Samaypur is an urban village in North Delhi prominently located with  NH-1 (GT Karnal Road) on one side and Badli Railway Station & Samaypur Badli Metro Station on the other.

Geography 
The transport center, Sanjay Gandhi Transport Nagar and the residential areas, Teachers Colony, Yadav Nagar, Shiv Puri, Prem Nagar and Mandir Mohalla are part of the village.

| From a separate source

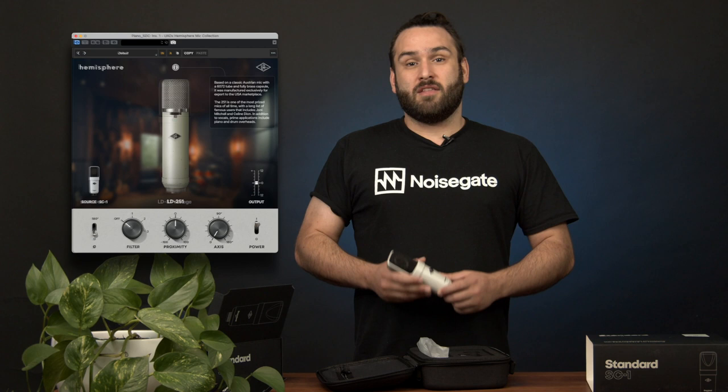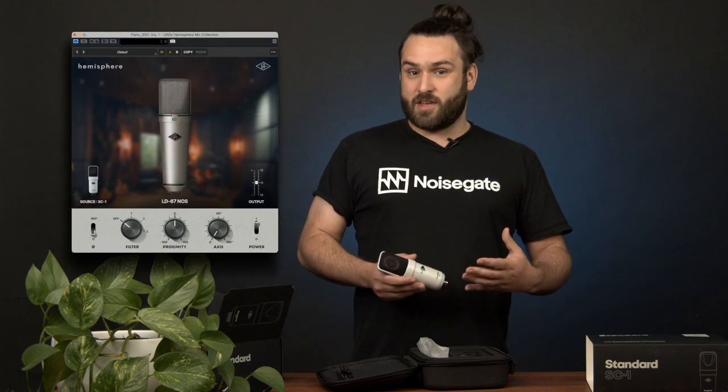So what's so special about this little SC1? Well, UA have included Hemisphere — this is their modeling software that works with their standard microphones. When you purchase an SC1, you also get access to this Hemisphere plug-in which gives you a bunch of condenser mic models, and they're not just any mic models. They're actually some really famous microphones such as your AKG C414, your AKG C12, or your Neumann U87. This means you're getting tens of thousands of dollars worth of microphone for the price of one humble condenser. That's pretty nifty.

The area is dominated by industries and a local market catering to the nearby area, with the railway underbridge the area is well connected to Rohini sub-city. The area was declared an extensive industrial area after the Samaypur village land had been consolidated in 1953-1954.

Facilities 
 Metro Station - Samaypur Badli
 Railway Station - Badli (preferably situated in samaypur)
 Bus Stations - Libaspur, Samaypur, Badli Railway Station
 State Bank of India - Samaypur
 Bank Of Baroda - Samaypur
 Post Office (Samaypur)
 Police Station Samaypur
 HDFC Bank-Samaypur 
 Hospital

Connectivity 
Libaspur is the nearest Bus Station on GT Road with it being at a distance of approximately 
Samaypur Badli is Delhi Metro Station on yellow line. Badli Railway is nearest Railway Station, which makes it connected to various parts of Delhi.

Samaypur Industrial Area 
Samaypur Industrial Area is one of the important Industrial areas Amritsar Delhi Kolkata Industrial Corridor, in the west Delhi and east of Sonipat. To its west lie Kundli Industrial Area, Rajiv Gandhi Education City in Sonipat city and Deenbandhu Chhotu Ram University of Science and Technology in Murthal, and to its east lie the Badli Industrial Area and Delhi Technological University India. Nearby are the Delhi Western Peripheral Expressway, Grand Trunk Road (NH 44) and the planned Delhi-Sonipat Rapid Regional Rail Transport System (RRTS). It is also connected by the under implementation Delhi-Sonipat Metro extension of Yellow line to be completed in Phase iV by March 2022.